In den sozialen Netzwerken bekommt das Video, in dem Jung und Alt ausgelassen miteinander schunkeln, gerade mehr Aufmerksamkeit als den Machern lieb sein kann. "Komm tritt ein, Du bist willkommen, setz Dich zu uns, krieg das Zuhausgefühl", so beginnt der Refrain des Liedes "Mein Heidenau". Es ist eine Hymne, mit der die Stadt sich laut Selbstdarstellung von ihrer "musikalischen Seite" und als besonders familienfreundlich präsentieren will. Zur Stunde jedoch wird der Film im Netz herumgereicht als Indiz für das brüchige Idyll sächsischer Kleinstädte, für mangelndes Problembewusstsein in Sachen Fremdenfeindlichkeit. Es mag wohlfeil sein, ein drei Jahre altes Imagefilmchen als Beleg für irgendetwas heranzuziehen. Unbestritten ist jedoch, dass sich die "Stadt der kurzen Wege" nach diesem Wochenende in die Liste der Orte einreiht, auf die ein brauner Schatten fiel: Dresden, Freital, Heidenau. Was ist passiert?

Am Anfang steht, wie so oft, die Ankündigung, dass Flüchtlinge im Ort untergebracht werden sollen. Längst ist dabei in Sachsen nicht mehr von "Heimen" oder "Aufnahmestellen" die Rede, sondern von Notunterkünften. In Heidenau ist ein leer stehender Praktiker-Baumarkt das Objekt der Wahl. Auf zwei Etagen sollen dort künftig bis zu 600 Asylsuchende wohnen. Wie so oft formiert sich alsbald eine fremdenfeindliche Initiative, diesmal heißt sie "Heidenau - Hört zu".

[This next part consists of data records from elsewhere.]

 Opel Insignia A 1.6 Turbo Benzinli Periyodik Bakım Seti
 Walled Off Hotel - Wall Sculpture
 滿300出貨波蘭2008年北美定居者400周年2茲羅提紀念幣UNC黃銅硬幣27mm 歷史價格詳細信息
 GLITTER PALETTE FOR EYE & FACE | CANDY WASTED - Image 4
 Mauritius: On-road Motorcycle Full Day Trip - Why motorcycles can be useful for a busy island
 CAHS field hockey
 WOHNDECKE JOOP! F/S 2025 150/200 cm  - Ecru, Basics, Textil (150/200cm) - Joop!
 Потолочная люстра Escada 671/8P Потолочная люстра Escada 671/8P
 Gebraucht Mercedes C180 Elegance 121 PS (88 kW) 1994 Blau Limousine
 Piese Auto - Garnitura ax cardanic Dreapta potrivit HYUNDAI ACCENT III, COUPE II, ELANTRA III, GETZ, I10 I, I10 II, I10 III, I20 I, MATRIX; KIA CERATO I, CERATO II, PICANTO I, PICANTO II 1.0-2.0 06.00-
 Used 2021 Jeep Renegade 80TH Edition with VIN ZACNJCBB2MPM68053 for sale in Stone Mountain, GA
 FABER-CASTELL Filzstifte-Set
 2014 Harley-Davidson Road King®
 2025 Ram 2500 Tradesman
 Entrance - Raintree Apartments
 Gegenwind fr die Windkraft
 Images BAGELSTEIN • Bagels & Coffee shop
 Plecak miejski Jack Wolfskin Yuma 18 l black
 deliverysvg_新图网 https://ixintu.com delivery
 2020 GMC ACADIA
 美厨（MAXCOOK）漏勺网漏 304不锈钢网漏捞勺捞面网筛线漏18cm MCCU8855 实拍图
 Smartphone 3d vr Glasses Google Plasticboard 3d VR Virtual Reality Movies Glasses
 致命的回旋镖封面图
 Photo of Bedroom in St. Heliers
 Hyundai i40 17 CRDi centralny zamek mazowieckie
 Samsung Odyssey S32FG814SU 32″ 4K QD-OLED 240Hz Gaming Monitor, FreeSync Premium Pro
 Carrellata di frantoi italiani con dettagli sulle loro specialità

Bereits am Mittwoch und Donnerstag kommt es zu Versammlungen vor dem Baumarkt. Am Freitagnachmittag dann spazieren etwa 1000 Menschen durch Heidenau, für eine Stadt mit 16 400 Einwohnern ist das eine beachtliche Zahl. Viele tragen rechte Szene-Kleidung, einzelne die Flagge des untergegangenen deutschen Kaiserreichs, wieder andere führen Kinder an der Hand. Wie unbequem Sachsens Rechte wirklich werden kann, und dass gar nichts gut ist, zeigt sich am Abend: Ein aufgebrachter Mob blockiert die Staatsstraße 172 in Richtung Pirna, um die Ankunft von Flüchtlingen zu verhindern. Man trinkt Bierflaschen leer, um sie anschließend auf Polizisten zu werfen. 136 Beamte setzen Tränengas gegen die Randalierer ein, die revanchieren sich mit Feuerwerkskörpern. Die Bilder aus jener Nacht erinnern eher an einen Bürgerkrieg als an lediglich "besorgte Bürger". Die Bilanz: 31 Polizisten werden verletzt. Statt der geplanten drei kommt an diesem Abend nur ein Bus mit Flüchtlingen in Heidenau an.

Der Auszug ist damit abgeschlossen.